Repeat the data that follows verbatim. Images are not part of the copy.

§ Data provided

------------------------

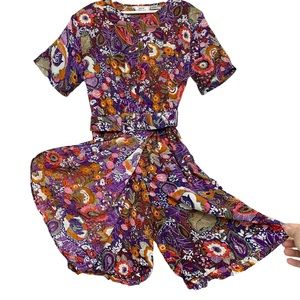 Vintage romper womens MED skort deadstock Y2K Ace Casuals floral belt pockets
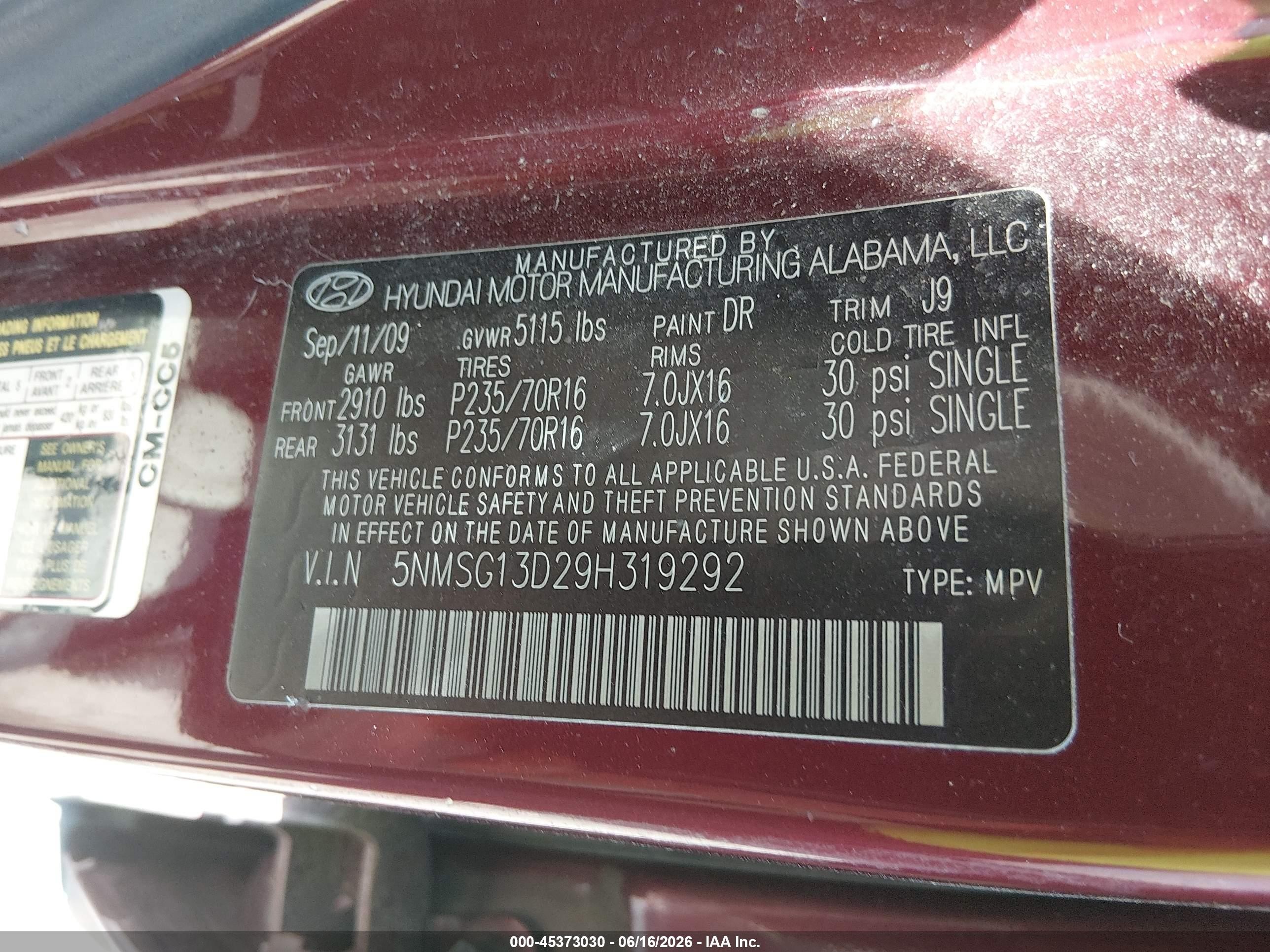 2009 Hyundai Santa Fe Gls Red vin: 5NMSG13D29H319292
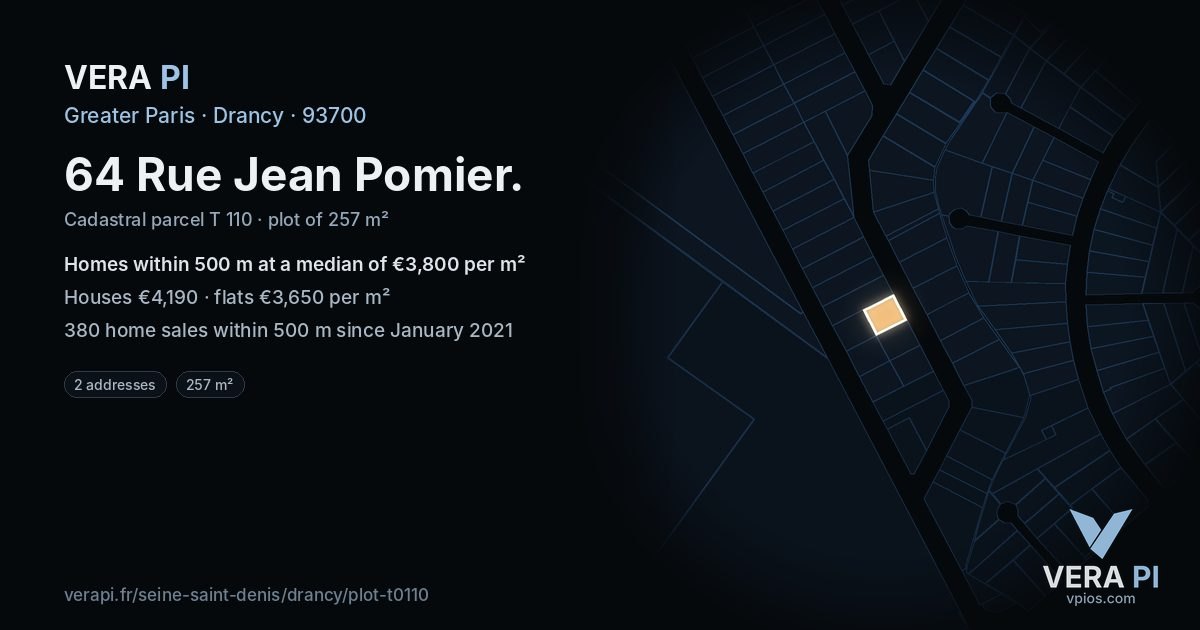 64 Rue Jean Pomier, Drancy at night – the plot lit, the parcels around coloured by the prices near them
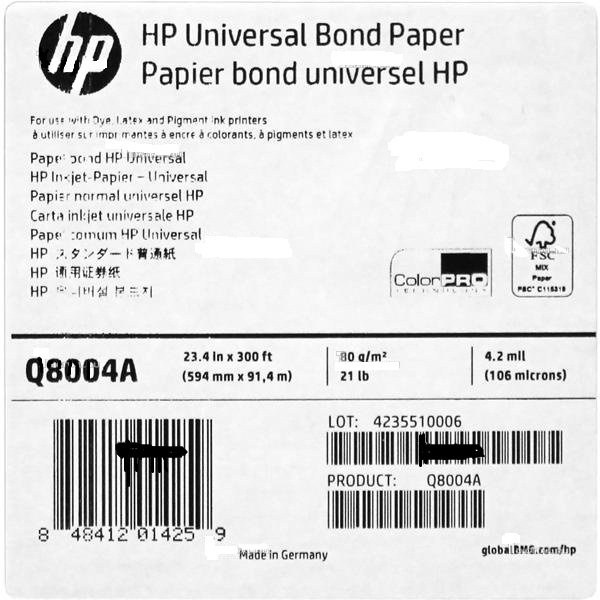 

HP Universal Bond Paper Q8004A 106microns(4.2mil) 80g/m2(21lbs) 594mm x 91,4m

------------------------

§ Response to this task
 Vintage romper womens MED skort deadstock Y2K Ace Casuals floral belt pockets
 2009 Hyundai Santa Fe Gls Red vin: 5NMSG13D29H319292
 64 Rue Jean Pomier, Drancy at night – the plot lit, the parcels around coloured by the prices near them

HP Universal Bond Paper Q8004A 106microns(4.2mil) 80g/m2(21lbs) 594mm x 91,4m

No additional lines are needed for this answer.